I often heard relatives describe the people of Madinah as kind and the city as serene, more so than Makkah, location of Islam’s holiest site, the Kaaba. I had visited Makkah twice prior to my first visit to Madinah five months ago and one time afterward. It is glorious to visit and perform umrah, a shorter pilgrimage that can be undertaken throughout the year. But of all the places I have been in my life, I had not encountered anywhere more peaceful than the Enlightened City.
Muslims, humans who strive to achieve a state of submission to God, are drawn to Madinah out of reverence for Prophet Muhammad . Born in 570 AD in Makkah, the Prophet began receiving the first verses of the Holy Quran, Arabic for ‘the Recitation’, in 610. Islam, based on worship of One Almighty and Absolute Creator, rejected the idolatry widespread in Makkah at the time. As such, the Last Prophet became regarded as a threat to the power of Makkah’s ruling tribe and those who embraced Islam were harassed, persecuted and threatened.
When he learned of a plot to murder him, the last Prophet left Makkah for Yathrib, which he later renamed Al-Madinah Al-Munawarrah, arriving in 622, an event known as Al-Hijrah (the emigration). There, he established the first Islamic community, spent the last years of his life and it is where he and many of his companions are buried. As such, Madinah is regarded as Islam’s second-holiest city.
It is home to the three oldest mosques in the world. The one where I will be spending most of my weekend, God willing, is the Prophet’s Mosque, Al-Masjid Al-Nabawi. The Prophet’s Mosque has undergone numerous extensions to make room a growing number of believers, and is now able to accommodate well above 500,000 worshippers at a time, some say as many as a million.
Intricate columns of white marble built as part of expansion of Prophet’s mosque

On my last visit, there was a great calming effect from concentrating on the mosque’s long lines of symmetrical, brown and beige arches supported by columns of white marble topped with brass capitals. They enabled me to focus my mind in prayer, to listen to the words of God being recited from the Quran and leave the world behind. For the two days in December I spent in Madinah, life revolved around the prayer times, remembrance of God, reflection and contemplation.
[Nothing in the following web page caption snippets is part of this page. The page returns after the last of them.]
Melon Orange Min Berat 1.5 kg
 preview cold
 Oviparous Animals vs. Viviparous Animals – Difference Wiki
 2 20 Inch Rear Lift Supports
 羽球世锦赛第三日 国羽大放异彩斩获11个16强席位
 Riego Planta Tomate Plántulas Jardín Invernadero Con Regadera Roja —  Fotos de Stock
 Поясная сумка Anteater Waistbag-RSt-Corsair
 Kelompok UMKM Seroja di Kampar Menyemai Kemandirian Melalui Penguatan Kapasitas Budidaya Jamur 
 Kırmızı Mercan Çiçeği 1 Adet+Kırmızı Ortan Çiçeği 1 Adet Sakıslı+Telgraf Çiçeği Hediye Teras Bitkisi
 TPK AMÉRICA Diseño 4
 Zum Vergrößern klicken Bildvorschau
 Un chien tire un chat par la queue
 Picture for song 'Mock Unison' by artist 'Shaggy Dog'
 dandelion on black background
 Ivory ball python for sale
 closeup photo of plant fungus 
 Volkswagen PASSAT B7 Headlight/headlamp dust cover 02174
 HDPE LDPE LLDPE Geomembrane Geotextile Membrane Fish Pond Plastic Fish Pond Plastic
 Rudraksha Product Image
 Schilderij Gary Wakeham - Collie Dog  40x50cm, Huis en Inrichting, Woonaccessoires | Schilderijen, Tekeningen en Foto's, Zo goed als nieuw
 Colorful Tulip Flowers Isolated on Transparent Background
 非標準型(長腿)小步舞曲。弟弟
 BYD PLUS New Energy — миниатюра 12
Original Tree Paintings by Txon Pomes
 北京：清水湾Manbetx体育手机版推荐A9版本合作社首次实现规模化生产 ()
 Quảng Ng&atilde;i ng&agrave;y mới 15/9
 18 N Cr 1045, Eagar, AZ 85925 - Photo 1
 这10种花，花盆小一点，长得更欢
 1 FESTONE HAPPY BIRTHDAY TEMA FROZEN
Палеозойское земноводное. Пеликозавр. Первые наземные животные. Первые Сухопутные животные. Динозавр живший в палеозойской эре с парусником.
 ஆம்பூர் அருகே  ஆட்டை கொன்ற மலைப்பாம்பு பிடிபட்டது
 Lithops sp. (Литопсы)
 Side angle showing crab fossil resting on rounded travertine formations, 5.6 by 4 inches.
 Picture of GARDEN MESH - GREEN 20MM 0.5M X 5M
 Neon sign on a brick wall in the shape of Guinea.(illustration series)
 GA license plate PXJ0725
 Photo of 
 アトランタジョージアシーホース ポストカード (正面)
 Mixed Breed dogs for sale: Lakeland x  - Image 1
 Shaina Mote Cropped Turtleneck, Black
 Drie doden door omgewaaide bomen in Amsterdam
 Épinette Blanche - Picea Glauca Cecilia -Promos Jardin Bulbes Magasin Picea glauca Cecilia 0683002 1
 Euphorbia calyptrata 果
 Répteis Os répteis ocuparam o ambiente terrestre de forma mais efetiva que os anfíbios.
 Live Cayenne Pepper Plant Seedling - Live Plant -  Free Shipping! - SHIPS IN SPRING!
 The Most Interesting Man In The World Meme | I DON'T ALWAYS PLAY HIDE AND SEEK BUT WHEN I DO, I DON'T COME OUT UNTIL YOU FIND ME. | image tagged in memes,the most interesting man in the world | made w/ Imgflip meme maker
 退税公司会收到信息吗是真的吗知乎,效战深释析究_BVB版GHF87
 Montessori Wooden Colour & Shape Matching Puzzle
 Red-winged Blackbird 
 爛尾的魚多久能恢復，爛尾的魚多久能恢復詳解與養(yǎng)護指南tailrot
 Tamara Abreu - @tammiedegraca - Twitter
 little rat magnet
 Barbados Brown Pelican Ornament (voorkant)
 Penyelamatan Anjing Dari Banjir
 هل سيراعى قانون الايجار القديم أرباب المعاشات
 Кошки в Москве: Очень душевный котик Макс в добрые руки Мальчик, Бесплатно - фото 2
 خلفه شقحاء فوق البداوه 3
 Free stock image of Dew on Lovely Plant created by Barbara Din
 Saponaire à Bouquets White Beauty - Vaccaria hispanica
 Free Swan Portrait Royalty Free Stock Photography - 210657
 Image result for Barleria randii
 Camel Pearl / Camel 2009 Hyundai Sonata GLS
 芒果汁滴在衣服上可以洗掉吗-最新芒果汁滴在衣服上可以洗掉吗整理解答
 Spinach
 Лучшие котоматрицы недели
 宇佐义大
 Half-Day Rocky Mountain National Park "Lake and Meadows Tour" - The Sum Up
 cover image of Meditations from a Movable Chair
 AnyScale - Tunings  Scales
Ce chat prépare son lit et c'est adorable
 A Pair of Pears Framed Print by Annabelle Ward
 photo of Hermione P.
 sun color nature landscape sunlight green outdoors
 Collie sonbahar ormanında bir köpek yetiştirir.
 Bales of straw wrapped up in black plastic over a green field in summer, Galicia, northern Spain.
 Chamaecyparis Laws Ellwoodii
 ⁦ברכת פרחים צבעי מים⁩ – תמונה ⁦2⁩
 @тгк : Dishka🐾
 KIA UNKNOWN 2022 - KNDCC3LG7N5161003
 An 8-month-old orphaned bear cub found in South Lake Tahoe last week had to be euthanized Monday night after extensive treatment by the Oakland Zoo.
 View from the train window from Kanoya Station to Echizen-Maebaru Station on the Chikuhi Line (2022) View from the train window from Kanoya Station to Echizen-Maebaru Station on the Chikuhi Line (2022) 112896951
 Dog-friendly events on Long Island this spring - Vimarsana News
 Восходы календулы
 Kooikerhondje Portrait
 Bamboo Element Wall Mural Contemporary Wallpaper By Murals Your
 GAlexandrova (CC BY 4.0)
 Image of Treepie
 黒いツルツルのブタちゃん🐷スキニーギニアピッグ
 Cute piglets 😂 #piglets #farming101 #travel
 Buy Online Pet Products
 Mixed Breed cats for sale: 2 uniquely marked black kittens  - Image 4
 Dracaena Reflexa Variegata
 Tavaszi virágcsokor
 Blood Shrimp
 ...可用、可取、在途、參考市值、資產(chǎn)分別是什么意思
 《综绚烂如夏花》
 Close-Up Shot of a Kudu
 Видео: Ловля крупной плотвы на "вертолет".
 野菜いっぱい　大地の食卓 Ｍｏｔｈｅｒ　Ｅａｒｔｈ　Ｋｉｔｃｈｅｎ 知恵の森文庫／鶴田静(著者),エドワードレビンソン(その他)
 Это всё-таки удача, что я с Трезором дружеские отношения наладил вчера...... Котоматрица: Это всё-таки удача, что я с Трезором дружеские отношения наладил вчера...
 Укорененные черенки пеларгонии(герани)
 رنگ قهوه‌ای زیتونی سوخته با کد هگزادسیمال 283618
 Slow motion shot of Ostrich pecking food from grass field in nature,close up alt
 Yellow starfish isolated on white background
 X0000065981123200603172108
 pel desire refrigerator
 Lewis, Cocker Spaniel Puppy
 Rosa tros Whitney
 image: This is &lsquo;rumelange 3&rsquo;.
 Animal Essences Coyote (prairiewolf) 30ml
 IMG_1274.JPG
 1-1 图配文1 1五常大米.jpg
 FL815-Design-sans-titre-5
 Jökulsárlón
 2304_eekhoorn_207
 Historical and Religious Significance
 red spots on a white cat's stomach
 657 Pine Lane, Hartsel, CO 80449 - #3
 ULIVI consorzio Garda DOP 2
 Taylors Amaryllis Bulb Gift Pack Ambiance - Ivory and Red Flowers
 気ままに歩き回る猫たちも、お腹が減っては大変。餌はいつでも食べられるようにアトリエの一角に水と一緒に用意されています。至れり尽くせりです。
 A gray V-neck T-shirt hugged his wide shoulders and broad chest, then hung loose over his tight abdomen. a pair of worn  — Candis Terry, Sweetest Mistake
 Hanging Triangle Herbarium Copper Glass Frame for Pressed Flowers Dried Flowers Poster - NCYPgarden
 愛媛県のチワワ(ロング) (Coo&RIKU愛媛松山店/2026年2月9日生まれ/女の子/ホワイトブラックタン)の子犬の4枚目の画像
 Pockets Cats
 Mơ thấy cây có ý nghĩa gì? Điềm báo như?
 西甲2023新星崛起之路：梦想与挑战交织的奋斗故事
Sometimes when I am at home attempting to focus in prayer, I try to bring to mind those columns in the Prophet’s mosque, and remember that state of meditation I found myself in quite by surprise. Lately, I have been having a bit of difficulty keeping my mind from wandering as I pray at five times during the day. That’s why I am anxious to take a short retreat in Madinah, to draw myself back to that state of sincere concentration.
“There are only three mosques that travelling specifically to them is recommended: The Holy Masjid in Makkah, and the Prophet’s Mosque and the Farthest Masjid in Jerusalem,” the Last Prophet is cited as having said.
Outside the Prophet’s Mosque in Madinah, Dec 2010
At the moment, I have a multiple entry visa for Saudi Arabia, and my sister and brother in law live in a university compound about a three-hour drive away from Madinah, so it is possible for me to take such a trip on a whim.
While in Madinah, I also hope to visit the other two important mosques if time permits, as this really is only a weekend trip. Quba Mosque was the very first mosque in Islam’s history. When the Prophet emigrated to Madinah he stayed in Quba for three days and erected a mosque there which is about three kilometres from the Prophet’s Mosque.
The other is Masjid Al-Qiblatain, literally the mosque with two qibla (the Arabic word meaning prayer direction). It was so named as it was in this mosque that the direction of prayer was first changed from Jerusalem to the Kaaba in Makkah.
What I most wish to do again this weekend is to visit a special section of the Prophet’s mosque called Al-Rawdah, the small area distinguished by a different colour of carpet, situated between the location of the Prophet’s last house and the pulpit where he would lead prayers prior to his death.
“The space between my house and my pulpit is (Rawdah) one of the gardens of Paradise,” the Prophet said.
During busy times of the year for religious tourism in the kingdom, Al-Rawdah is packed and it can be difficult to find a small crevice on which to pray for 10 or so minutes. I was quite lucky on my first visit because tourist traffic after the Hajj slows down considerably, so I spent more than an hour in total on Al-Rawdah on two separate occasions.
I was told by one of the female guides last time that the prayers one says on Al-Rawdah hold particular significance since the area is a garden that has either come down from Heaven, will be lifted up to Heaven or, she said, prayers given in this area reach Heaven.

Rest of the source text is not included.